Print all of the data exactly, but drop the pictures.

DATA EXCERPT =>
┌────────

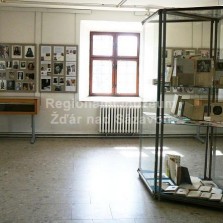 Pohled do první místnosti. Foto: Kamila Dvořáková.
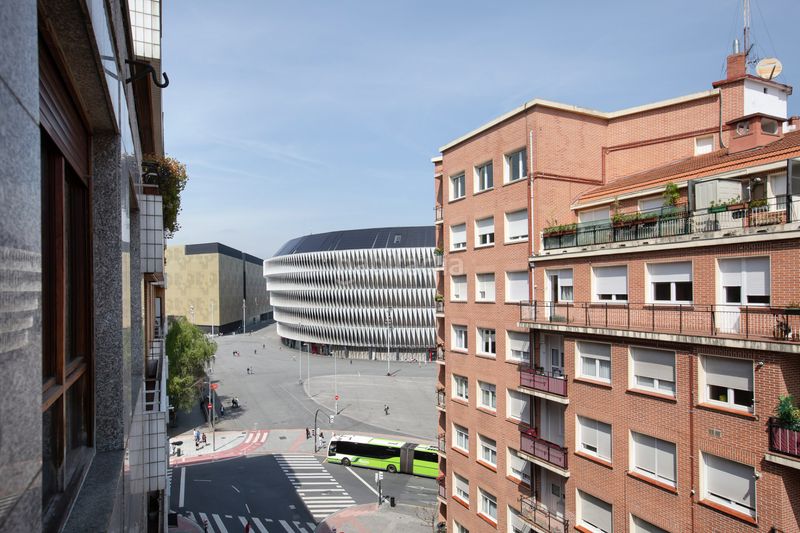 Foto 2235c17e-5f03-49a2-87d2-efeb333823bb. Pis amb calefacció aparcament a Basurtu Bilbao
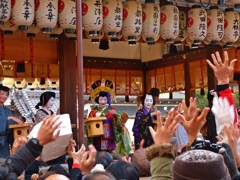 京都 八坂神社 花魁の豆撒き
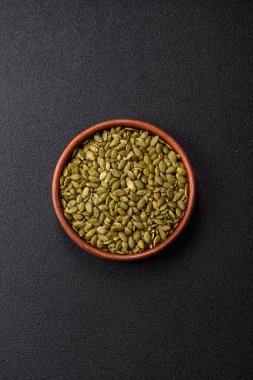 Kabak çekirdeği çekirdekleri, tuzlanmış, kavrulmuş ya da çiğ, sağlıklı bir malzemedir. Tasarımınız için besin kaynağı olarak kabak tohumları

└────────

EXPECTED OUTPUT =>
 Pohled do první místnosti. Foto: Kamila Dvořáková.
 Foto 2235c17e-5f03-49a2-87d2-efeb333823bb. Pis amb calefacció aparcament a Basurtu Bilbao
 京都 八坂神社 花魁の豆撒き
 Kabak çekirdeği çekirdekleri, tuzlanmış, kavrulmuş ya da çiğ, sağlıklı bir malzemedir. Tasarımınız için besin kaynağı olarak kabak tohumları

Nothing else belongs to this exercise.